- Participating broadcaster: Radiodiffusion-Télévision Française (RTF)
- Country: France
- Selection process: Artist: Unknown Song: Le palmarès de la chanson inédite

Competing entries

First entry
- Song: "Le Temps perdu"
- Artist: Mathé Altéry
- Songwriters: André Lodge; Rachèle Thoreau;

Second entry
- Song: "Il est là"
- Artist: Dany Dauberson
- Songwriter: Simone Vallauris

Placement
- Final result: N/A

Participation chronology

= France in the Eurovision Song Contest 1956 =

France was represented at the Eurovision Song Contest 1956 with two songs: "Le Temps perdu", composed by André Lodge, with lyrics by Rachèle Thoreau, and performed by Mathé Altéry; and "Il est là", written by Simone Vallauris, and performed by Dany Dauberson. The French participating broadcaster, Radiodiffusion-Télévision Française (RTF), selected its two entries through the radio program Le palmarès de la chanson inédite. "Le Temps perdu" was the first-ever entry from France performed in the Eurovision Song Contest.

== Before Eurovision ==
According to TV listings magazine Télévision Programme Magazine, Radiodiffusion-Télévision Française (RTF) used the radio program Le palmarès de la chanson inédite to choose its two entries for the Eurovision Song Contest 1956. In March 1956, RTF asked interested songwriters to submit songs for the program if they wanted to be selected for Eurovision. Le palmarès de la chanson inédite aired regularly on Saturday evenings on Programme parisien in 1956 and 1957. Its third season started on 7 April 1956, with finals held on 7 July 1956. RTF stated that also winning songs of the previous seasons would compete to be selected as French entries. The program was directed by Michel du Plessis and presented by Maurice Yvain and Louis Poterat, with an orchestra led by Franck Pourcel accompanying the artists.

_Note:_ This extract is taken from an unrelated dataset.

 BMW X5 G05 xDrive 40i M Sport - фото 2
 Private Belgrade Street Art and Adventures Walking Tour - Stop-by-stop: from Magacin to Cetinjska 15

Of the two French songs chosen for the Eurovision Song Contest, "Il est là" can be retrieved in radio listings as participating in the program, in this case for the program aired on 5 May 1956, and sung by Marina Audrey.

Programs of season 3 prior to 16 May (Eurovision lineup announcement)
| Date | Artists and songs | Ref. |
|---|---|---|
| 7 April 1956 | Jean-Fred Mêlé – "Chanson pour Sylvie"; Hélène Romanée – "T'es dingue"; Jean-Pierre Dujay – "C‘est notre amour"; Germaine Duclos – "Pas la peine de s‘en faire"; |  |
| 14 April 1956 | Rose Deshayes – "Un grand amour"; Aimée Doniat – "Les Démoiselles de Neuilly"; Wilma Nor – "La Chanteuse de blues"; Serge Reval – "Te souviens-tu ?"; |  |
| 21 April 1956 | Germaine Duclos – "Pas d‘baratin"; Bob et Dyna – "Les Pêcheurs de Floride"; Jack Gauthier – "Oh ! la ! di ! hé !"; Laura Mellec – "Souvenirs"; |  |
| 28 April 1956 | Danièle Georges – "Ta chanson, mon amour"; Jean Veldy – "Le Napolitain"; Françoise Guy – "Prends cette lettre"; Jacques Lambert – "Habits, Chiffons"; |  |
| 5 May 1956 | Hélène Romanée – "Le Chapeau fleuri"; Roger Perrinoz – "Les Ponts du paradis"; Marina Audrey – "Il est là"; Jean-Pierre Hébrard – "Déclaration légale"; |  |
| 12 May 1956 | Jean Lambert – "Alger la blanche"; Hélène Romanée – "La Pêche aux goujons"; Jack Gauthier – "Jojo le catcheur"; Nadia Dauty [fr] – "Ballade à Paris"; |  |

"Le Temps perdu", written by André Lodge (music) and Rachèle Thoreau (lyrics), and "Il est là", written by Simone Vallauris, were chosen as the French entries. It is unknown how Mathé Altéry and Dany Dauberson were ultimately selected as the participants, or how the song "Le temps perdu" was chosen, as the song wasn't listed in the shows in the third season before 16 May, earliest report of the Eurovision participants.

== At Eurovision ==
The Eurovision Song Contest 1956 took place at the Teatro Kursaal in Lugano, Switzerland, on 24 May 1956. "Le Temps perdu", sung by Mathé Altéry, was performed 5th at the contest and "Il est là", sung by Dany Dauberson, was performed 12th. Both of the French entries were conducted by Franck Pourcel.

Each participating broadcaster appointed two jury members who voted by giving between one and ten points to each song, including those representing their own country. One of the French jury members was Maurice Yvain.

The full results of the contest were not revealed and have not been retained by the European Broadcasting Union (EBU). Eurovision Song Contest 1956 was televised in France on RTF with commentary by Michelle Rebel, and also broadcast live on radio Paris-Inter.